▸ What to produce
Print nothing but the lines below starting at the line that holds "Tall glass blocks" and ending at the line that holds "interior space featuring", including both, each exactly as written.

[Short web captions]
━━━━━━━━━━━━━━━━━━━━

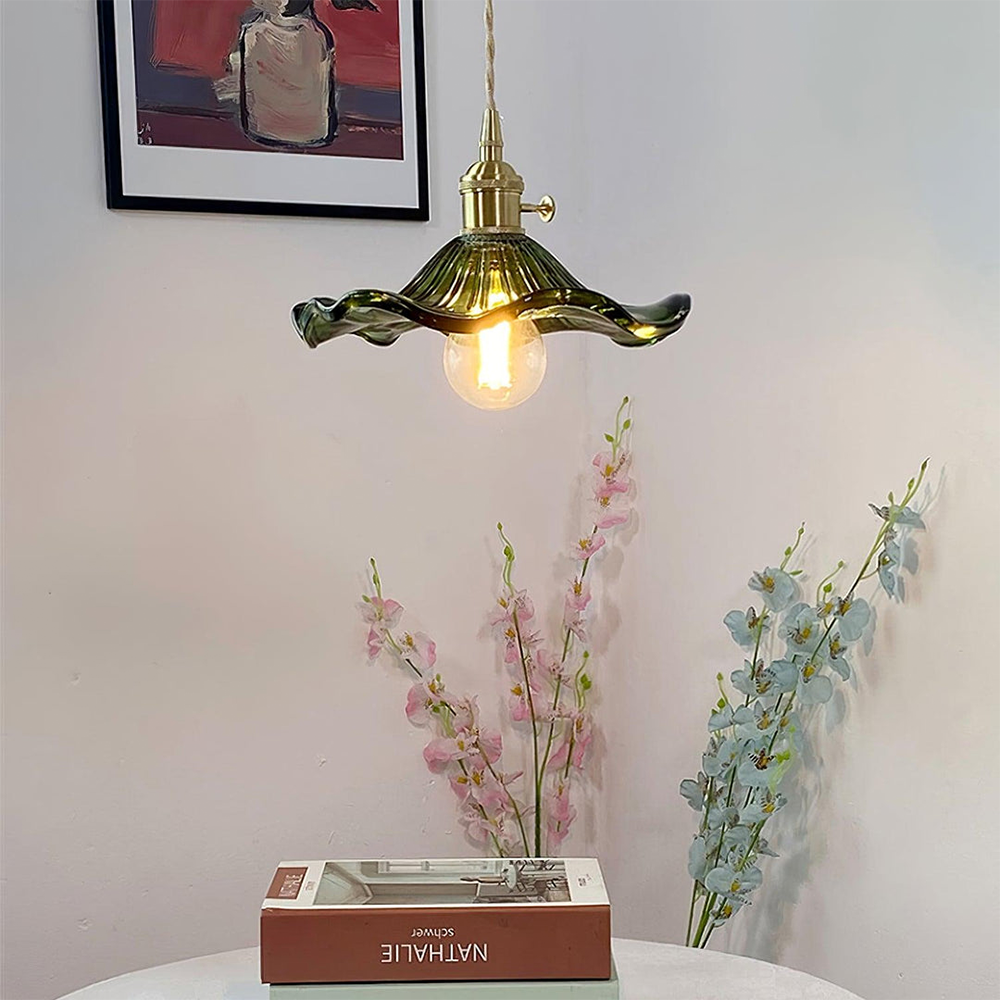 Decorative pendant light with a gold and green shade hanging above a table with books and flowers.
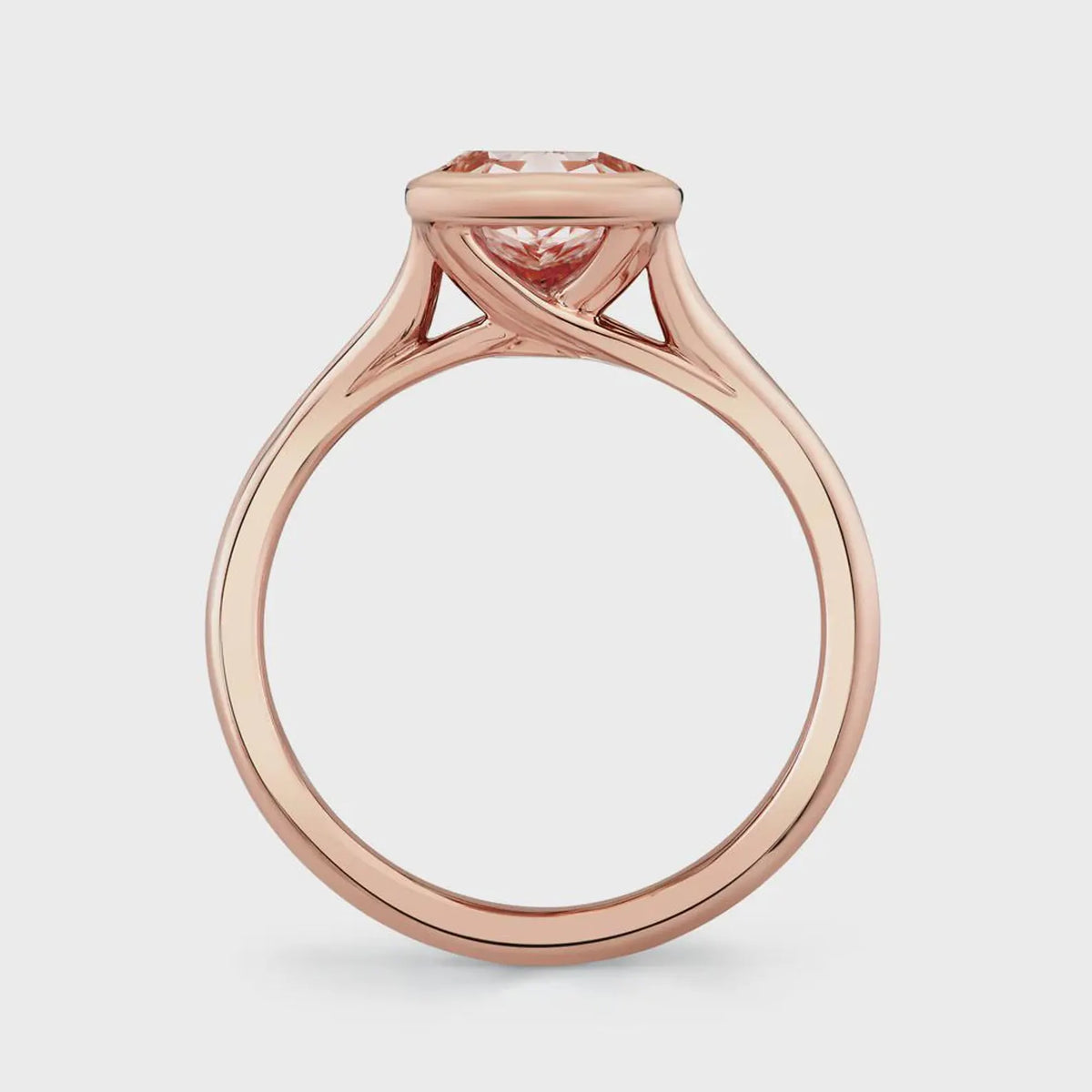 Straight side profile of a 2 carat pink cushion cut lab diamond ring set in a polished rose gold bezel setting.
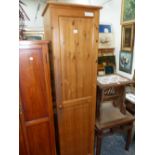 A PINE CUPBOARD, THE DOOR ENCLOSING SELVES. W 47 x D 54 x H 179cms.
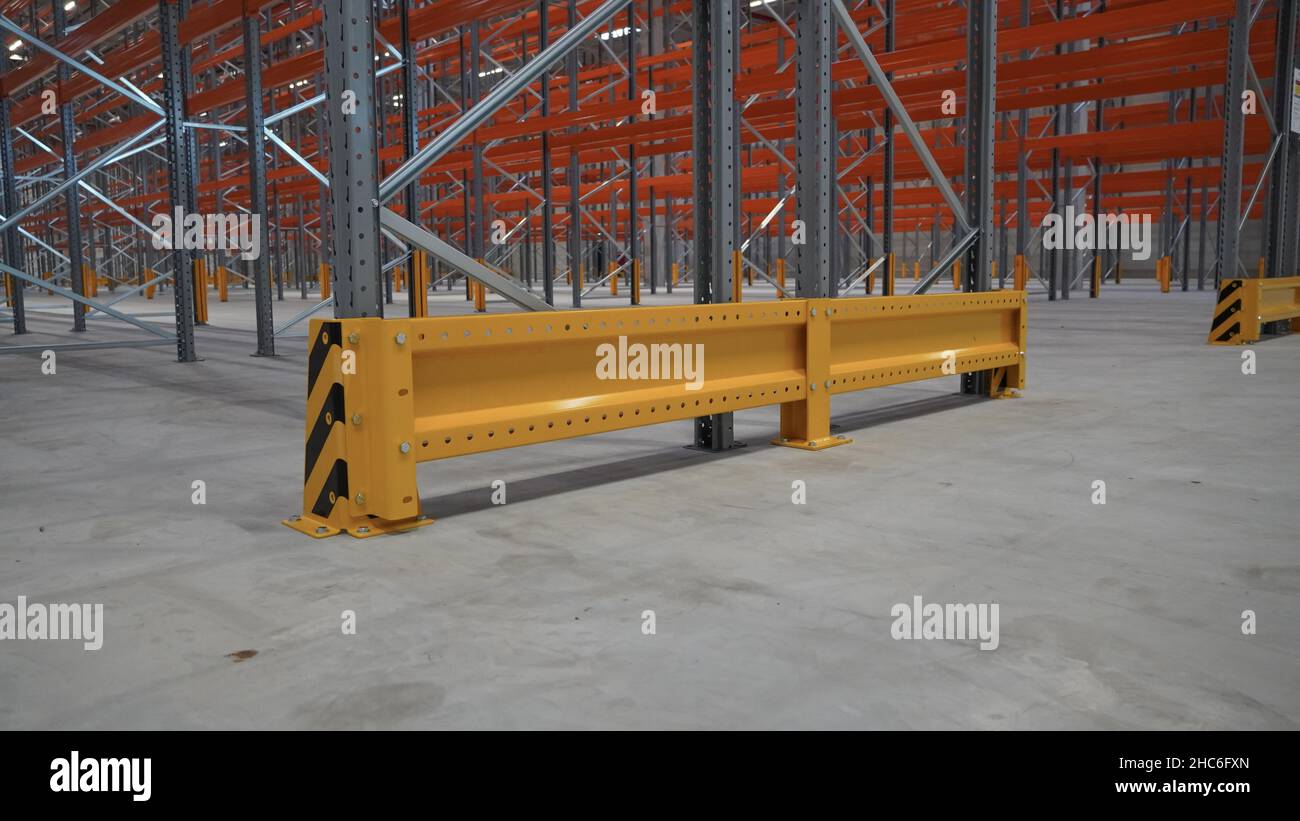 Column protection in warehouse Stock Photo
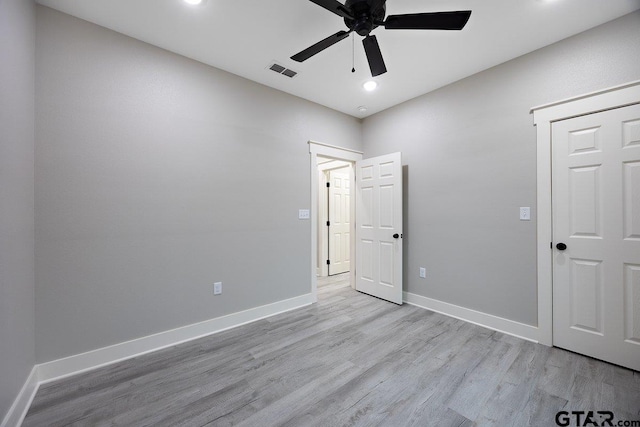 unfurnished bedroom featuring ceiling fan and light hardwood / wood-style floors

━━━━━━━━━━━━━━━━━━━━

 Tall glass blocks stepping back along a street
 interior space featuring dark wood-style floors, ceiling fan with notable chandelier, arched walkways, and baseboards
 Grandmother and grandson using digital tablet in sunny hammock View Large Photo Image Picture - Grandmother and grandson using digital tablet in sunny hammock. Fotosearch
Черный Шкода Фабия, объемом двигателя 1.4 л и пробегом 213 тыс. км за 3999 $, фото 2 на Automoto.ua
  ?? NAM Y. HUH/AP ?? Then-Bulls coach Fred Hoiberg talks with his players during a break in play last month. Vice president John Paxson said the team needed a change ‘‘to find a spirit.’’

━━━━━━━━━━━━━━━━━━━━

▸ Answer space
 Tall glass blocks stepping back along a street
 interior space featuring dark wood-style floors, ceiling fan with notable chandelier, arched walkways, and baseboards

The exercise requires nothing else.